Biomass-Based Anion Exchange Membranes Using Poly (Ionic Liquid) Filled Bacterial Cellulose with Superior Ionic Conductivity and Significantly Improved Strength

Abstract

ABSTRACT How to simultaneously improve the ionic conductivity and mechanical properties is a key problem facing currently used anion-exchange membranes (AEMs). Here, novel AEMs were prepared using quaternized bacterial cellulose (QBC) as a dual-functional substrate and then filled with a polymeric ionic liquid (poly(vinylbenzyl) trimethylammonium chloride, PVD) with high ion-exchange capacity through in situ polymerization and crosslinking. The dense quaternary ammonium groups grafted on the surface of BC nanofibers greatly increased the ionic conductivity, while the special three-dimensional network structure of BC significantly enhanced the tensile strength and chemical stability of the obtained PVD filled quaternized BC (QBC/PVD) membranes.
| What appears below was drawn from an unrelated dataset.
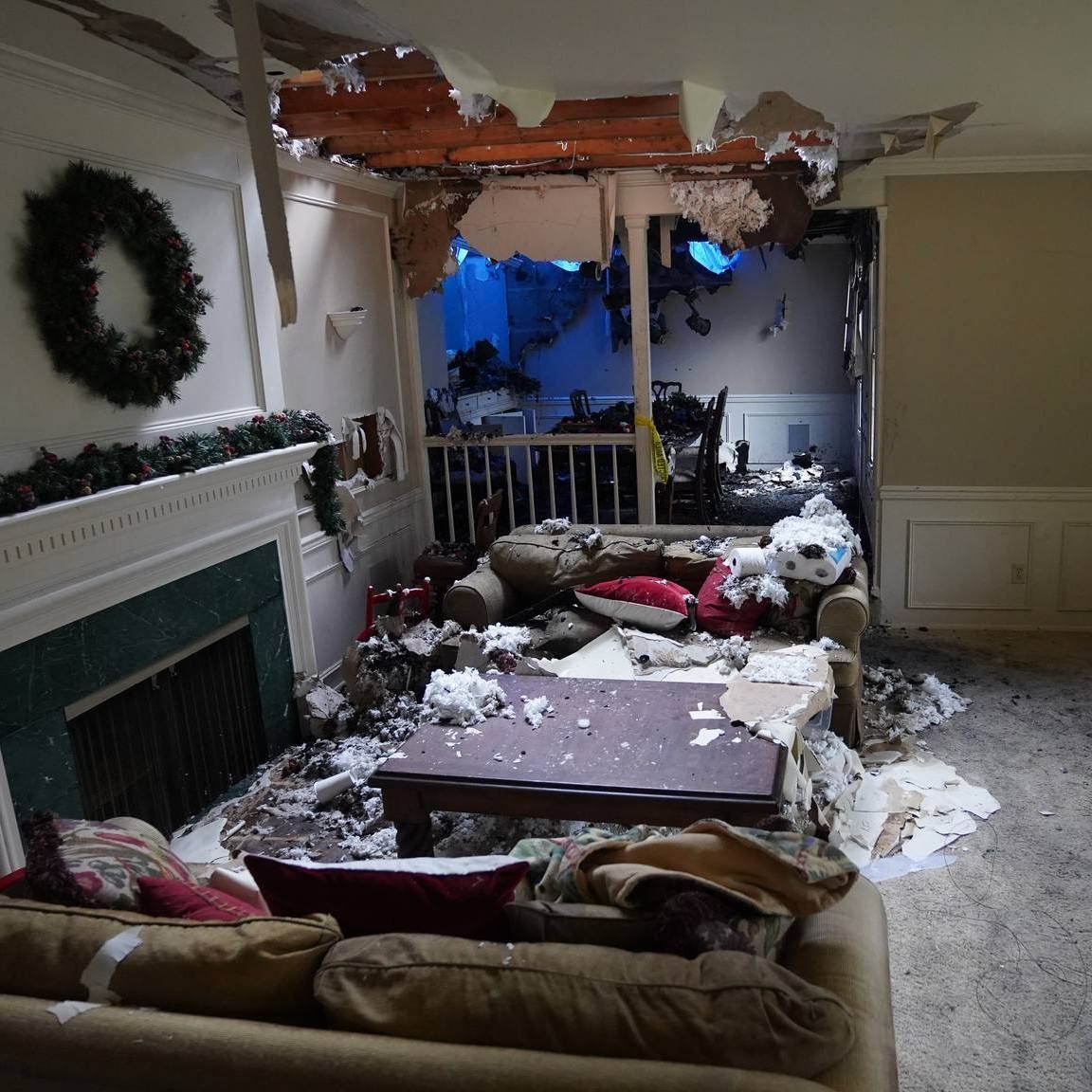 A living room with a couch a fireplace and a wreath on the wall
The ionic conductivity of QBC/PVD membrane reached as high as 111 mS cm−1 at 80°C, which was 109% higher than that of the pure BC/PVD membrane (only 53 mS cm−1). Moreover, the QBC/PVD membrane exhibited extremely high dry strength of 72.3 MPa and satisfactory wet strength and flexibility, this membrane can hang a container containing 500 g of water when at fully hydrated state. The alkaline direct methanol fuel cell equipped with QBC/PVD output a peak power density of 64 mW cm−2, showing its great application potential as an AEM.